— PROBLEM TO WORK ON —
Take the lines below from the one with "外媒分析杨瀚森需超越克林根才能赢得球队信任与更多执教时间" through the one with "MONITORAMENTO DE MÍDIAS" and print only them, exactly. Don't print the pictures.

PROVIDED RECORDS section start

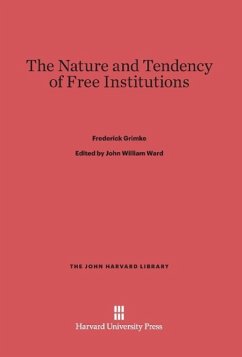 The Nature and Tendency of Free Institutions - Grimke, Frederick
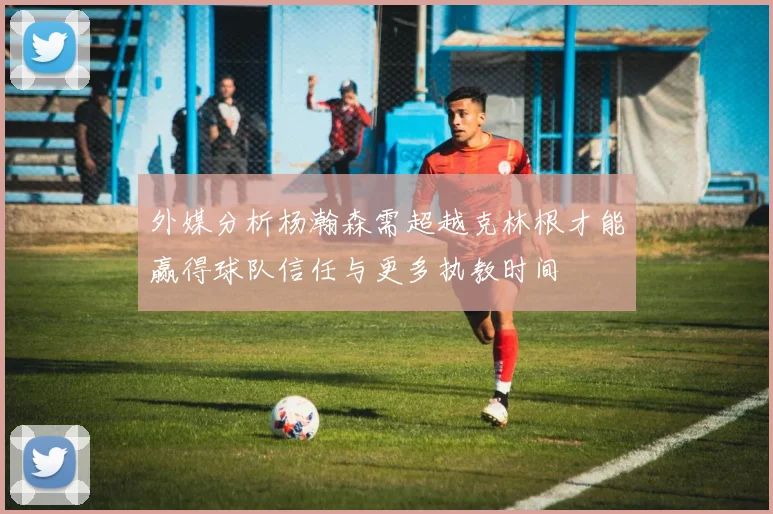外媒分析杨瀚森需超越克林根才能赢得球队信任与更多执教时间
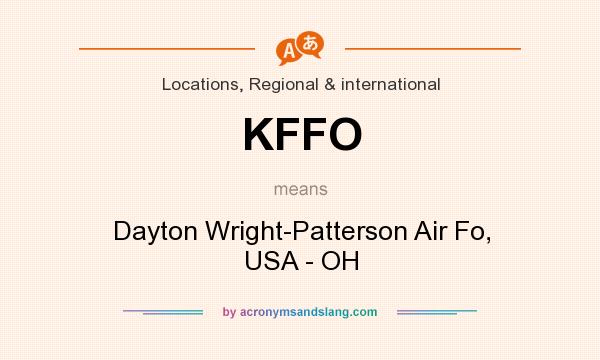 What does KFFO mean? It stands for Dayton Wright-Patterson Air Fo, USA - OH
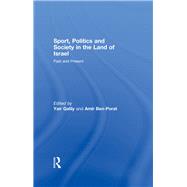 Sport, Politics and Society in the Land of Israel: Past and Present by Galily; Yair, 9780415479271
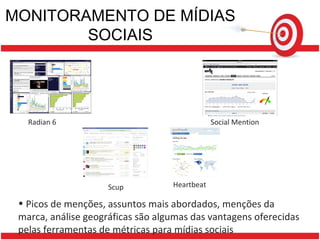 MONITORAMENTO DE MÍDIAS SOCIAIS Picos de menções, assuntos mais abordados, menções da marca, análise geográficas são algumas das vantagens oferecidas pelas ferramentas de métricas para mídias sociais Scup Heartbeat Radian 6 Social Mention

PROVIDED RECORDS section end
PROVIDED RECORDS section start

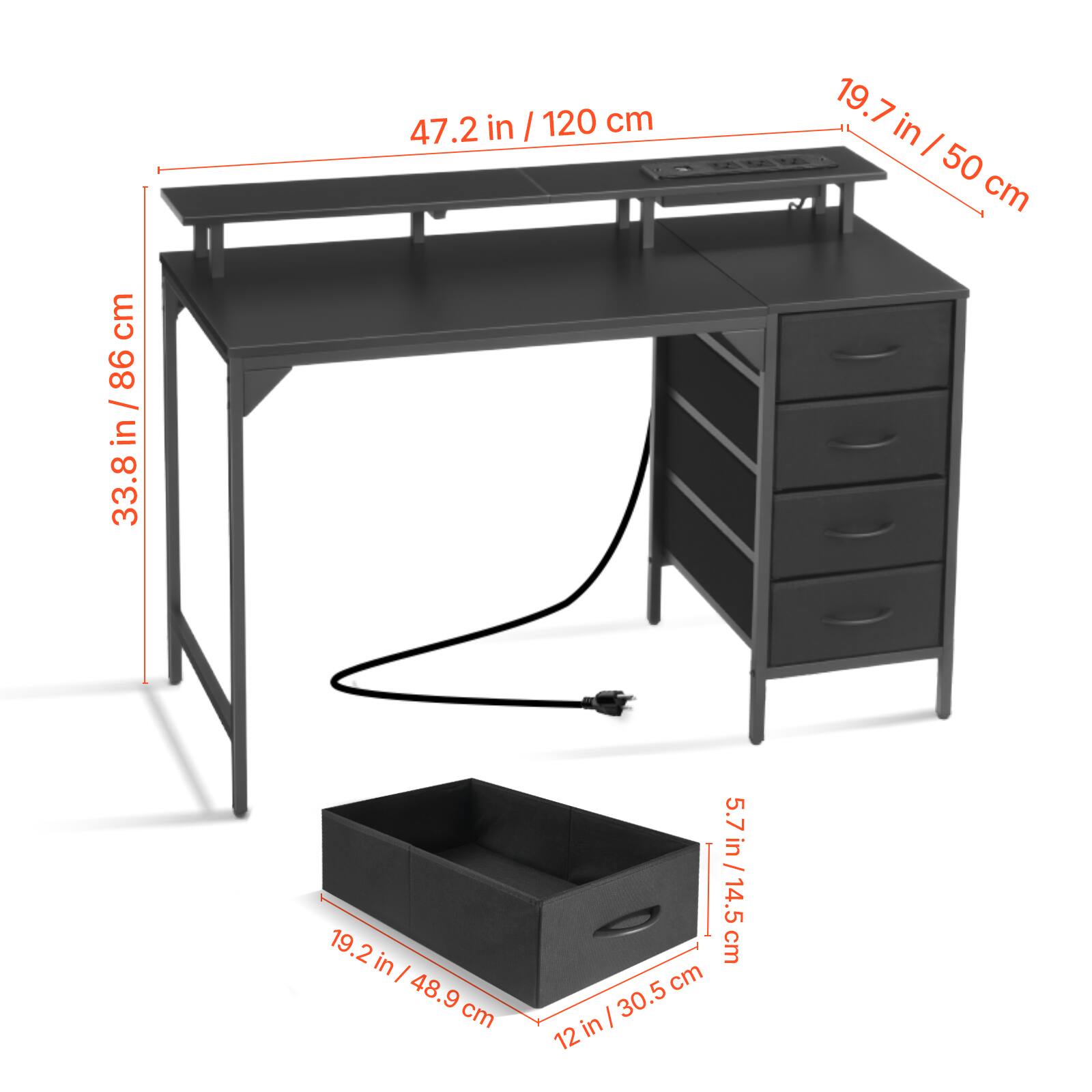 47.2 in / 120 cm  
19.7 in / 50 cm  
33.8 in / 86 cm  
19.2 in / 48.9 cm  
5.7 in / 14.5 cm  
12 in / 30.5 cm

PROVIDED RECORDS section end

— RESULT OF THIS TASK —
外媒分析杨瀚森需超越克林根才能赢得球队信任与更多执教时间
 What does KFFO mean? It stands for Dayton Wright-Patterson Air Fo, USA - OH
 Sport, Politics and Society in the Land of Israel: Past and Present by Galily; Yair, 9780415479271
 MONITORAMENTO DE MÍDIAS SOCIAIS Picos de menções, assuntos mais abordados, menções da marca, análise geográficas são algumas das vantagens oferecidas pelas ferramentas de métricas para mídias sociais Scup Heartbeat Radian 6 Social Mention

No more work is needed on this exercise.